The latter is paraphrased as "what do you want? (coffee, tea, both, neither)".
(w / want-01
:arg0 (y / you)
:arg1 (o / AMR-CHOICE ?????
:op1 (c / coffee)
:op2 (t / tea)))
Ulf: Don't need :mode interrogative here. Tim: Kind of strange to have interrogative for "whether/if".
(w / want-01
:arg0 (y / you)
:arg1 (o / or
:op1 (c / coffee)
:op2 (t / tea))
:mode choice) ?????
Nathan: Doesn't specify what the choices are.
I think we agreed on the amr-choice
solution. There are 357 release AMRs with :mode interrogative
on sentences containing "or", so presumably these would need to be inspected during retrofitting.
Kira mentioned the issues of using amr-choice for "I don't know whether he wants coffee or tea". I'd like to propose a simplistic alternative just using include-91:
"Do you want coffee or tea?"
(w / want-01
:ARG1 (a2 / amr-unknown
:ARG1-of (i3 / include-91
:ARG2 (o3 / or
:op1 (t / tea)
:op2 (c / coffee)))))
(what do you want from the set of tea and coffee)
"Should I stay or should I go?"
(o / obligate-01
:ARG1 (a / amr-unknown
:ARG1-of (i2 / include-91
:ARG2 (o2 / or
:op1 (s / stay-01
:ARG1 (i / i))
:op2 (g / go-02
:ARG0 i)))))
"I don't know whether he wants coffee or tea"
(k / know :polarity -
:ARG0 i
:ARG1 (t2 / thing
:ARG1-of (w2 / want-01
:ARG0 (h / he))
:ARG2-of (i4 / include-91
:ARG1 (o4 / or
:op1 (t3 / tea)
:op2 (c2 / coffee)))))
Maybe, to parallel the truth-value
treatment in #193:
"I don't know whether he wants coffee or tea"
(k / know :polarity -
:ARG0 i
:ARG1 (t2 / thing
:ARG1-of (w2 / want-01
:ARG0 (h / he))
:ARG2-of (c / choice-value
:op1 (t3 / tea)
:op2 (c2 / coffee))))
Observation: truth-value
in #193 has an implicit 'or not' in its meaning:
"I don't know whether he wants coffee" = choice(wants-coffee, not(wants-coffee)) "I don't know whether he wants coffee or tea" = choice(wants-coffee, wants-tea)
I'd be fine with choice-value
instead of include-91
there.
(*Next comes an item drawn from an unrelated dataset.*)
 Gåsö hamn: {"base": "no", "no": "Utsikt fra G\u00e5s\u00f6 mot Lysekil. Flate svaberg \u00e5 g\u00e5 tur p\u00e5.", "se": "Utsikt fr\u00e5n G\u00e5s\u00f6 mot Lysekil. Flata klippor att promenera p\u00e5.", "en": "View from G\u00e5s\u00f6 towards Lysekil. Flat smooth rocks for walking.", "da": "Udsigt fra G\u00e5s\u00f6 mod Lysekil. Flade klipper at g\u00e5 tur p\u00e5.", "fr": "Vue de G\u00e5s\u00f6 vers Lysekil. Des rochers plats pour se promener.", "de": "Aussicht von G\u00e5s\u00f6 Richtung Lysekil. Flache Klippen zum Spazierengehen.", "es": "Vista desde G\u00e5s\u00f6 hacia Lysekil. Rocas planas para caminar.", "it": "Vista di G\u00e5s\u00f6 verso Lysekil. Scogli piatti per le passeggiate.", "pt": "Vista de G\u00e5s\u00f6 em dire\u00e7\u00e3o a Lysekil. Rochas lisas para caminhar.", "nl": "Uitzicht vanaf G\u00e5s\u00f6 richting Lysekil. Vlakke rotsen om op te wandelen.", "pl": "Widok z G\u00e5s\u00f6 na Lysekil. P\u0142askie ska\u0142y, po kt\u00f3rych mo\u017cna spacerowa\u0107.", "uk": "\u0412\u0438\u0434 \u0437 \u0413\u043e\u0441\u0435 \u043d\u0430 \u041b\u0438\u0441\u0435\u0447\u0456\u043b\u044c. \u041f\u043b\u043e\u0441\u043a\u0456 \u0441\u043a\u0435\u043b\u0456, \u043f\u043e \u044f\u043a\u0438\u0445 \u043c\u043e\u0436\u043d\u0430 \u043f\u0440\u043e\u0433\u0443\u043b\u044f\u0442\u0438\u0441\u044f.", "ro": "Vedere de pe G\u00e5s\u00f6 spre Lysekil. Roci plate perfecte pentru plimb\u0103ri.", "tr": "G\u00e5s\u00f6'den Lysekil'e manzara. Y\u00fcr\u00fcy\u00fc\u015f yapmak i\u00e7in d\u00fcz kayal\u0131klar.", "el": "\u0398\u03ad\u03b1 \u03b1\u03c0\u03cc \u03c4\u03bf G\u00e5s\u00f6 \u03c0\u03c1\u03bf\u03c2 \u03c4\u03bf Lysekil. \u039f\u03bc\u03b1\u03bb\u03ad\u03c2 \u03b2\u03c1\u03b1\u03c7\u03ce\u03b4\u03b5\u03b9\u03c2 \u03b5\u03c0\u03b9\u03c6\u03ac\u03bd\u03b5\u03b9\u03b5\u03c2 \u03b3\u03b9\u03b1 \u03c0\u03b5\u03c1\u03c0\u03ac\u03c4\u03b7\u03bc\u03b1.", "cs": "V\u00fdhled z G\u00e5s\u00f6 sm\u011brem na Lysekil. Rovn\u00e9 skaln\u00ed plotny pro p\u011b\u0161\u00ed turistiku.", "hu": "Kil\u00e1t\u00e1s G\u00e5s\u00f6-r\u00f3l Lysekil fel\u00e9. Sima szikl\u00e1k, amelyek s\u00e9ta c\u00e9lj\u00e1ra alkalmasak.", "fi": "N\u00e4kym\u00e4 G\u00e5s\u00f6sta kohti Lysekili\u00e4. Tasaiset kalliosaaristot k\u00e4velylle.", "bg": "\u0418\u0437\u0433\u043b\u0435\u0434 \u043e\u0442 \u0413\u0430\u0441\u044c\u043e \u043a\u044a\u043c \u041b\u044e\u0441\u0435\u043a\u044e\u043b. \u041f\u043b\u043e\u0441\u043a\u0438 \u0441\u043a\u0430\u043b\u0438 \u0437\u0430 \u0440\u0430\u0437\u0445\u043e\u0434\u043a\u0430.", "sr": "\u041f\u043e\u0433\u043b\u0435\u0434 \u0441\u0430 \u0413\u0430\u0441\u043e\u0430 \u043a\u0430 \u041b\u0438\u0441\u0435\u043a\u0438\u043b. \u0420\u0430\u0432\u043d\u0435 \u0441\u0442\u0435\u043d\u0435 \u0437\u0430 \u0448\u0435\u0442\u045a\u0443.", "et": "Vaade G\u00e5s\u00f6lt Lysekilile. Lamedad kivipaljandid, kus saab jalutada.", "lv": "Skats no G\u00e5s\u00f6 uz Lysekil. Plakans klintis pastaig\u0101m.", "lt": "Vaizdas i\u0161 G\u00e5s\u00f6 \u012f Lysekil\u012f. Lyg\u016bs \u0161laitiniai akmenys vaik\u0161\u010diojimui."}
My main thought is just to split the "amr-unknown" from whatever predicate we use to describe the range of choices (which, as Kira pointed out, is sometimes not a question) -- I'm fine with having a special concept or roleset for that "range of choices".
What did we decide to do with "multiple choice" questions like "Do you want food or (do you want) drink?". Couldn't find any documentation here or in the AMR Dictionary.